Cal Poly has succeeded by being different. Where most universities gain eminence by building a renowned faculty and a series of eminent graduate schools, Cal Poly has stuck by its practical nuts-and-bolts approach to education.
That philosophy is paying off, since most students today say the one thing they want from a college education is a job.
Preparation for Work
“This university has never pretended to be anything other than it is. It prepares young people to go out and go to work,” said former Cal Poly President Robert E. Kennedy, who retired in 1979 after nearly four decades on the campus.
Located midway between Los Angeles and San Francisco, the university draws half of its students from the two huge metropolitan areas. The rest come from throughout California, with many arriving straight from the farm.
The campus probably has more than its share of pickup trucks and cowboy hats, and the cows and sheep are, as one professor said, “just a whiff away.”
But in recent years, agriculture no longer has been the most popular department on campus. Instead, the school has become known more for turning out architects, accountants, engineers and computer scientists.
Surrounded by Hills
For many California students, San Luis Obispo is an ideal place to go to college: a small town surrounded by green hills, a mild climate on the central coast, a clean-cut conservative student body and, best of all, good prospects for a job.

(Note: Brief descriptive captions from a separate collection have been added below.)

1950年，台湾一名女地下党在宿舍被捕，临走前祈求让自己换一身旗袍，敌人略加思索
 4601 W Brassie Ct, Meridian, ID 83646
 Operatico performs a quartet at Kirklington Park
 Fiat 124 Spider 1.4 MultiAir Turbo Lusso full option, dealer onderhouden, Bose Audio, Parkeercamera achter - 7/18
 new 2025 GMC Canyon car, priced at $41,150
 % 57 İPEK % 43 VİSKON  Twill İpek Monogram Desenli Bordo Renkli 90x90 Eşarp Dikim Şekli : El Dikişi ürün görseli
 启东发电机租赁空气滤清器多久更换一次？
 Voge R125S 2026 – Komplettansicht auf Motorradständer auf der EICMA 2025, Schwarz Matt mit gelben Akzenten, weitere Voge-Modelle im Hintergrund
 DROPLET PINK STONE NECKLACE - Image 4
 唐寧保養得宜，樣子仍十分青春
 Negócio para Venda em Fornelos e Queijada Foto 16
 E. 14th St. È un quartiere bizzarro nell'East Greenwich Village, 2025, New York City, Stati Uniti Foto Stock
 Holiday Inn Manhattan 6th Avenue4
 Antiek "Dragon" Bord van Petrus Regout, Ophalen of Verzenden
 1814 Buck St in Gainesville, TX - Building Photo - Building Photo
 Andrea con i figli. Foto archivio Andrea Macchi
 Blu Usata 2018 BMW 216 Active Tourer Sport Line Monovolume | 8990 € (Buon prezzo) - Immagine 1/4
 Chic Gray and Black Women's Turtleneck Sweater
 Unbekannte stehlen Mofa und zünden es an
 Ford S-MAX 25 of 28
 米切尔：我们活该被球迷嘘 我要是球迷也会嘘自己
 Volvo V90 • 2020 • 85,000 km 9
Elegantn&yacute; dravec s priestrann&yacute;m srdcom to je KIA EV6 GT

“I think the morale is really high here because it’s so difficult to get in,” said Heather Carlson, a senior from Orinda. “I’ve had friends who got into Berkeley but couldn’t get in here. This is the place to be.”
Under California’s Master Plan for Higher Education, the Cal State universities are to admit any senior in the top third of high school graduates, and the campuses can generally take all the students who apply. Other than Cal Poly San Luis Obispo, only San Diego State and San Francisco State have had to turn away a substantial number of qualified students in recent years, according to officials at the Cal State headquarters in Long Beach.
In 1984, 8,354 applicants among the 19 campuses could not be accommodated where they applied, and 6,313 of them were at San Luis Obispo.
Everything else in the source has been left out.